[PATCH 5/5] cgroup: introduce cgroup namespaces

Fri Jul 18 18:57:22 UTC 2014

On Fri, Jul 18, 2014 at 11:51 AM, Aditya Kali <adityakali at google.com> wrote:
> On Fri, Jul 18, 2014 at 9:51 AM, Andy Lutomirski <luto at amacapital.net> wrote:
>> On Jul 17, 2014 1:56 PM, "Aditya Kali" <adityakali at google.com> wrote:
>>>
>>> On Thu, Jul 17, 2014 at 12:57 PM, Andy Lutomirski <luto at amacapital.net> wrote:
>>> > What happens if someone moves a task in a cgroup namespace outside of
>>> > the namespace root cgroup?
>>> >
>>>
>>> Attempt to move a task outside of cgroupns root will fail with EPERM.
>>> This is true irrespective of the privileges of the process attempting
>>> this. Once cgroupns is created, the task will be confined to the
>>> cgroup hierarchy under its cgroupns root until it dies.
>>
>> Can a task in a non-init userns create a cgroupns?  If not, that's
>> unusual.  If so, is it problematic if they can prevent themselves from
>> being moved?
>>
>
> Currently, only a task with CAP_SYS_ADMIN in the init-userns can
> create cgroupns. It is stricter than for other namespaces, yes.

I'm slightly hesitant to have unshare(CLONE_NEWUSER |
CLONE_NEWCGROUPNS | ...) start having weird side effects that are
visible outside the namespace, especially when those side effects
don't happen (because the call fails entirely) if
unshare(CLONE_NEWUSER) happens first.  I don't see a real problem with
it, but it's weird.

>
>> I hate to say it, but it might be worth requiring explicit permission
>> from the cgroup manager for this.  For example, there could be a new
>> cgroup attribute may_unshare, and any attempt to unshare the cgroup ns
>> will fail with -EPERM unless the caller is in a may_share=1 cgroup.
>> may_unshare in a parent cgroup would not give child cgroups the
>> ability to unshare.
>>
>
> What you suggest can be done. The current patch-set punts the problem
> of permission checking by only allowing unshare from a
> capable(CAP_SYS_ADMIN) process. This can be implemented as a follow-up
> improvement to cgroupns feature if we want to open it to non-init
> userns.
>
> Being said that, I would argue that even if we don't have this
> explicit permission and relax the check to non-init userns, it should
> be 'OK' to let ns_capable(current_user_ns(), CAP_SYS_ADMIN) tasks to
> unshare cgroupns (basically, if you can "create" a cgroup hierarchy,
> you should probably be allowed to unshare() it).

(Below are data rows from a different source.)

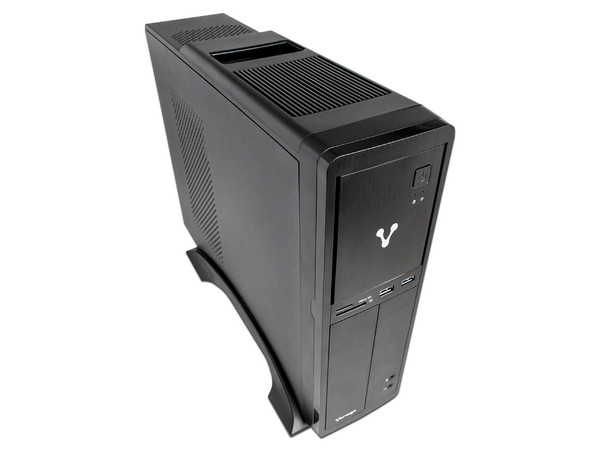 PC de Escritorio VORAGO Slimbay 4,
Procesador Intel Core i5 10400 (hasta 4.30 GHz),
Memoria de 8GB DDR4,
SSD de 480GB,
Video UHD Graphics 630,
S.O. Endless OS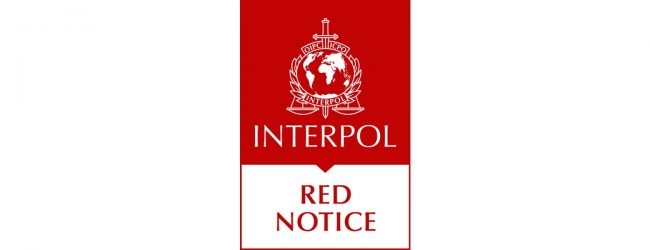 INTERPOL RED NOTICE issued against 129 Sri Lankans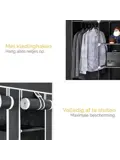 Opvouwbare Kledingkast 175x150x45cm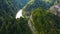 The Three Crowns Massif over The Dunajec River, north Slovakia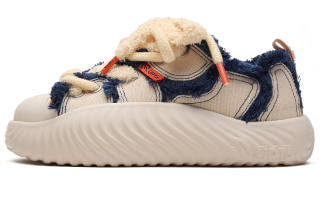 URTA Caterpillar Series Low top Casual Shoes Women's Yellow Blue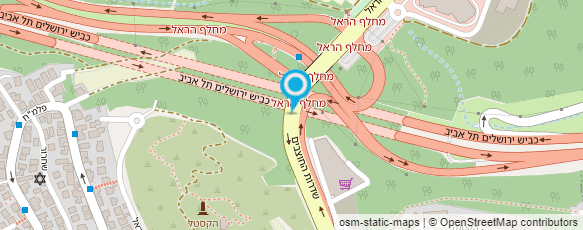 מפת הגעה אל אייל איציקין אדריכלים בע"מ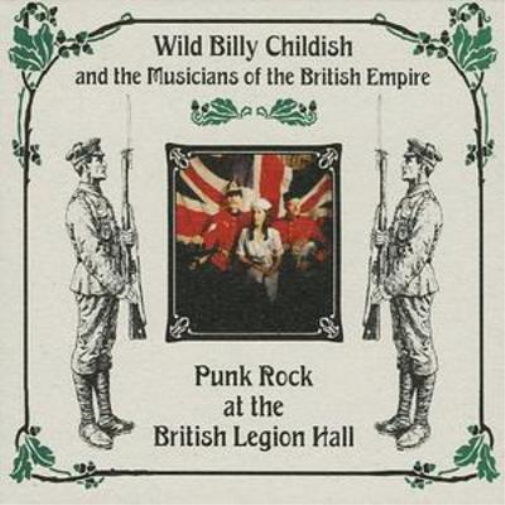 Wild Billy Childish Punk Rock at the British Legion Hall (CD) Album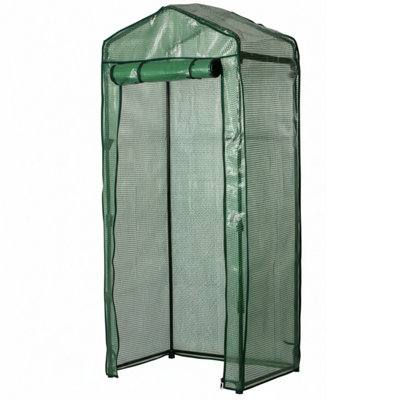 Woodside Outdoor Greenhouse/growhouse Cold Frame Protective Replacement Cover from B&Q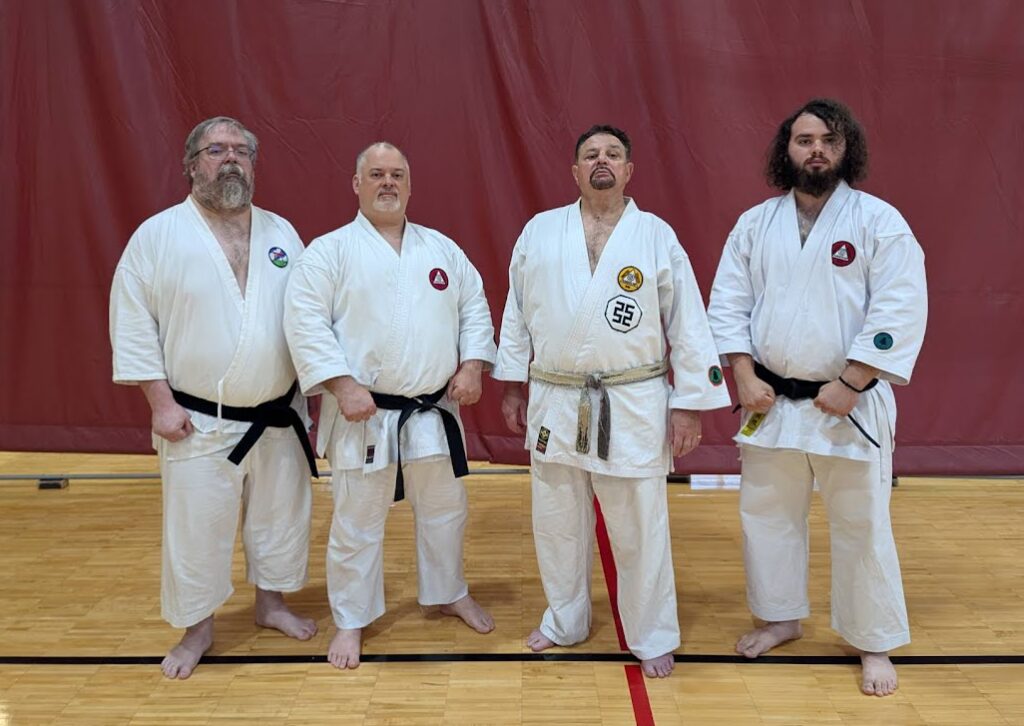 Three of us with Richard Awad Sensei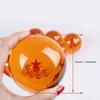 7,6 см Аниме Фигурка Dragon Ball Z Горячая Распродажа Игрушка Хрустальный Шар 1 2 3 4 5 6 7 Звездных Драконьих Шаров Игрушка для Украшения Рабочего Стола Подарок для Детей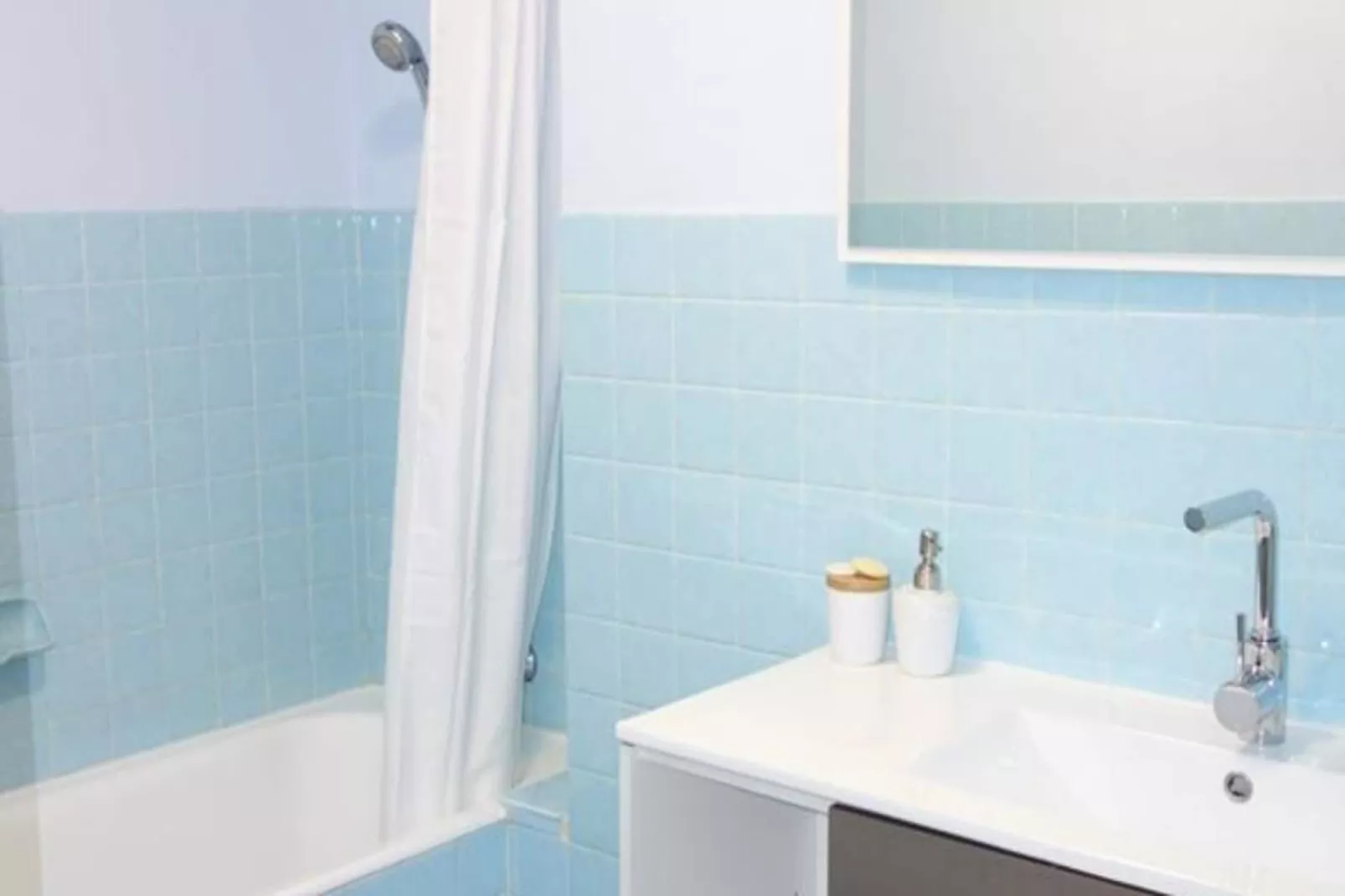 Résidence Solarium-Badkamer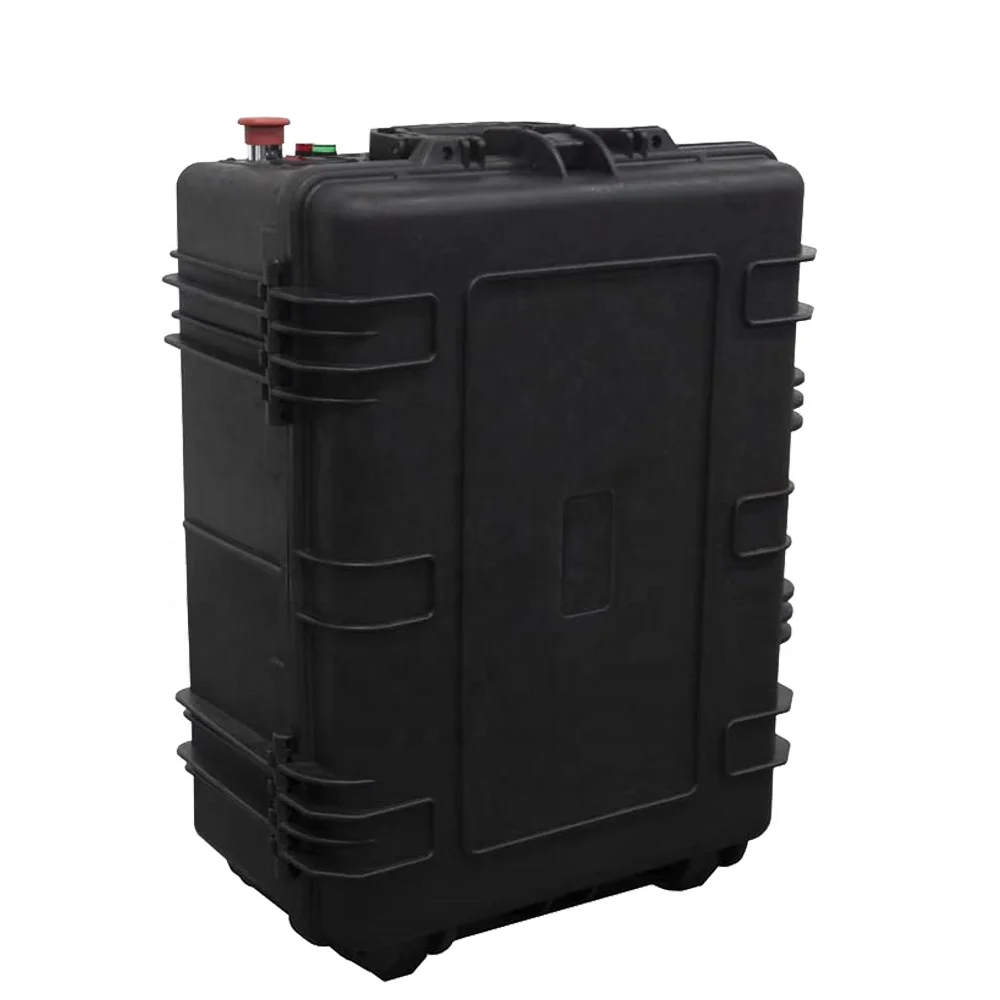 Портативный лазерный аппарат для удаления ржавчины HS Laser 100w IPG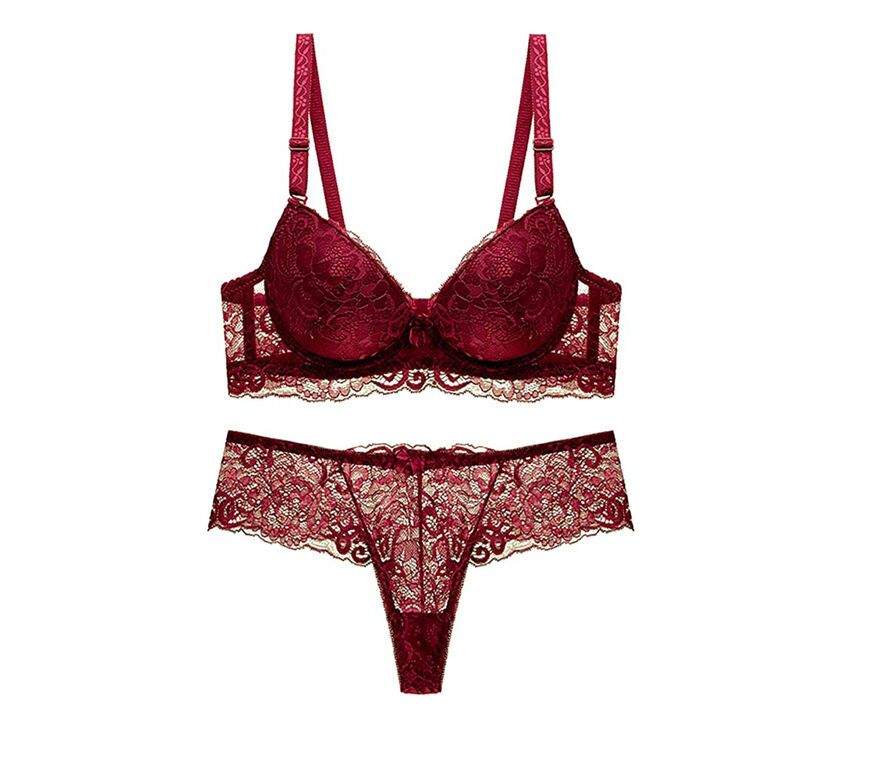 Dessous Dieses Set finden Männer am Valentinstag sexy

But non-init-userns tasks can't create cgroup hierarchies, unless I
misunderstand the current code.  And, if they can, I bet I can find
three or four serious security issues in an hour or two. :)

> By unsharing
> cgroupns, the tasks can only confine themselves further under its
> cgroupns-root. As long as it cannot escape that hierarchy, it should
> be fine.

But they can also *lock* their hierarchy.

> In my experience, there is seldom a need to move tasks out of their
> cgroup. At most, we create a sub-cgroup and move the task there (which
> is allowed in their cgroupns). Even for a cgroup manager, I can't
> think of a case where it will be useful to move a task from one cgroup
> hierarchy to another. Such move seems overly complicated (even without
> cgroup namespaces). The cgroup manager can just modify the settings of
> the task's cgroup as needed or simply kill & restart the task in a new
> container.
>

I do this all the time.  Maybe my new systemd overlords will make me
stop doing it, at which point my current production setup will blow
up.

--Andy